3.ㅤㅤSEORANG YANG TAK SEPENUHNYA MANUSIA

Mereka meninggalkan Mirath sebelum fajar, ketika kabut masih menggantung rendah dan bau tanah basah menempel di setiap helaan napas. Hujan semalam telah reda, tapi jalanan masih licin, dan dingin pagi menyusup ke dalam tulang.

Kael berjalan di depan, langkahnya mantap, sementara Eren mengayun-ayunkan jubah tipisnya untuk melawan udara pagi yang menggigit. Sesekali, ia melirik ke arah belakang—kota yang dulu menjadi seluruh dunianya kini hanya siluet kelabu yang semakin jauh.

“Jadi... ke mana kita?” tanya Eren, suaranya parau karena kelelahan dan gugup.

Kael tidak langsung menjawab. “Keluar dari mata kerajaan,” katanya akhirnya. “Dan mencari mereka yang tahu soal pecahan itu. Kita tidak bisa jalan sendiri.”

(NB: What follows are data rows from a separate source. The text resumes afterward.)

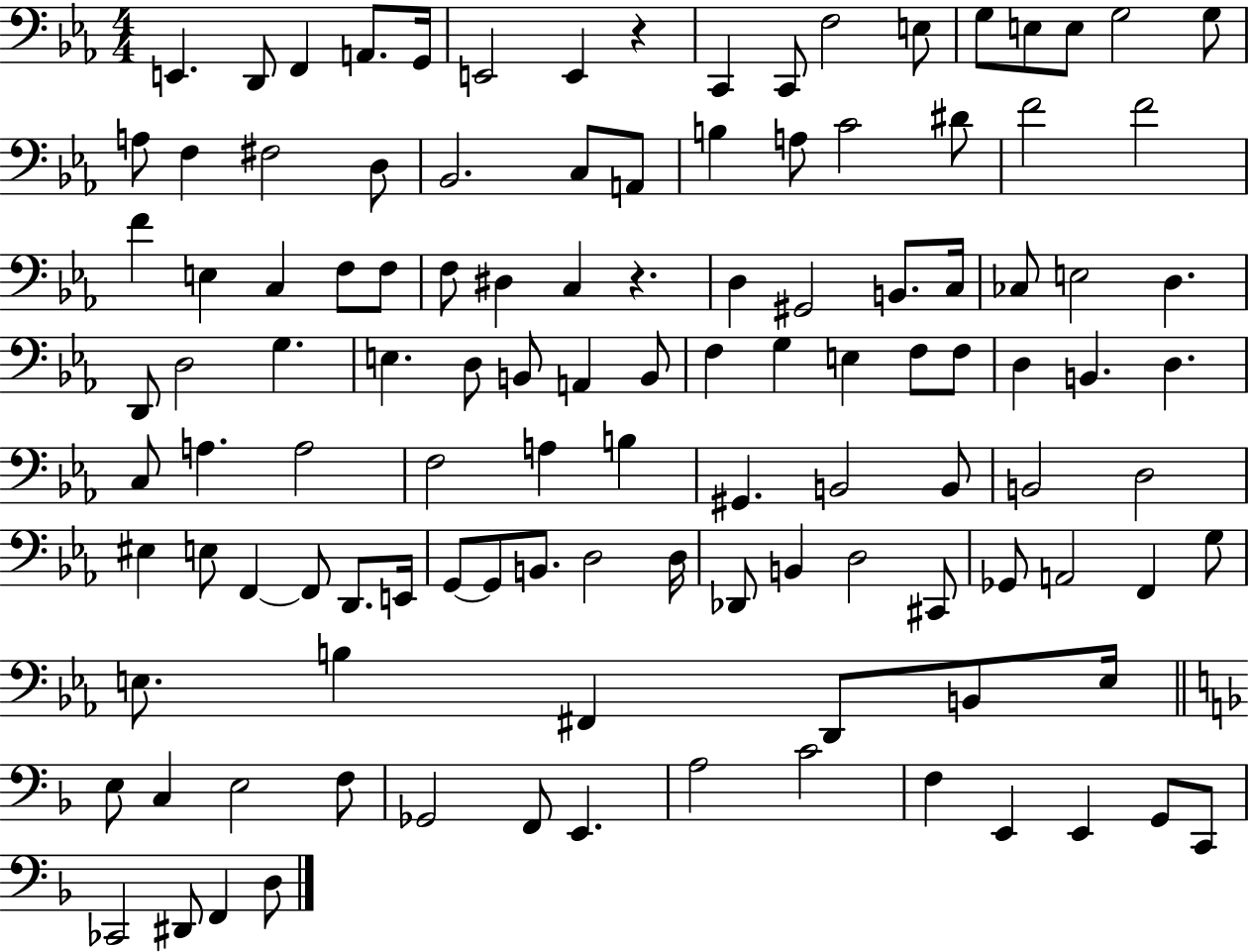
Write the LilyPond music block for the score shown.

{
  \clef bass
  \numericTimeSignature
  \time 4/4
  \key ees \major
  \repeat volta 2 { e,4. d,8 f,4 a,8. g,16 | e,2 e,4 r4 | c,4 c,8 f2 e8 | g8 e8 e8 g2 g8 | \break a8 f4 fis2 d8 | bes,2. c8 a,8 | b4 a8 c'2 dis'8 | f'2 f'2 | \break f'4 e4 c4 f8 f8 | f8 dis4 c4 r4. | d4 gis,2 b,8. c16 | ces8 e2 d4. | \break d,8 d2 g4. | e4. d8 b,8 a,4 b,8 | f4 g4 e4 f8 f8 | d4 b,4. d4. | \break c8 a4. a2 | f2 a4 b4 | gis,4. b,2 b,8 | b,2 d2 | \break eis4 e8 f,4~~ f,8 d,8. e,16 | g,8~~ g,8 b,8. d2 d16 | des,8 b,4 d2 cis,8 | ges,8 a,2 f,4 g8 | \break e8. b4 fis,4 d,8 b,8 e16 | \bar "||" \break \key f \major e8 c4 e2 f8 | ges,2 f,8 e,4. | a2 c'2 | f4 e,4 e,4 g,8 c,8 | \break ces,2 dis,8 f,4 d8 | } \bar "|."
}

Eren mengangguk, meski pikirannya penuh tanya. Siapa yang Kael maksud? Dan bagaimana pria ini bisa tahu begitu banyak, bahkan tentang suara-suara yang selama ini hanya ia dengar sendiri?

Saat matahari mulai merambat naik, mereka tiba di hutan rendah yang menandai batas kekuasaan Mirath. Di sanalah, suara itu kembali.

> “Bangkitkan kami...”

Eren berhenti sejenak, menatap ke dalam kehijauan pepohonan. Suara itu lebih keras dari biasanya—bukan hanya bisikan lembut, tapi seperti gema dari dalam tanah. Kael menoleh.

“Kau mendengarnya lagi?”

Eren mengangguk. Ia tak perlu menjelaskan. Sorot mata Kael menunjukkan bahwa dia mulai mengerti—atau setidaknya mencoba.

Tak lama kemudian, suara panah yang menembus udara membuat mereka berdua membungkuk. Sebuah anak panah tertancap di batang pohon, nyaris mengenai kepala Eren. Dari semak, muncul sosok ramping dengan telinga runcing dan rambut perak yang diikat ke belakang.

“Kalau aku ingin membunuh, kalian sudah mati dua kali tadi,” kata wanita itu, suaranya dingin dan sedikit mengejek.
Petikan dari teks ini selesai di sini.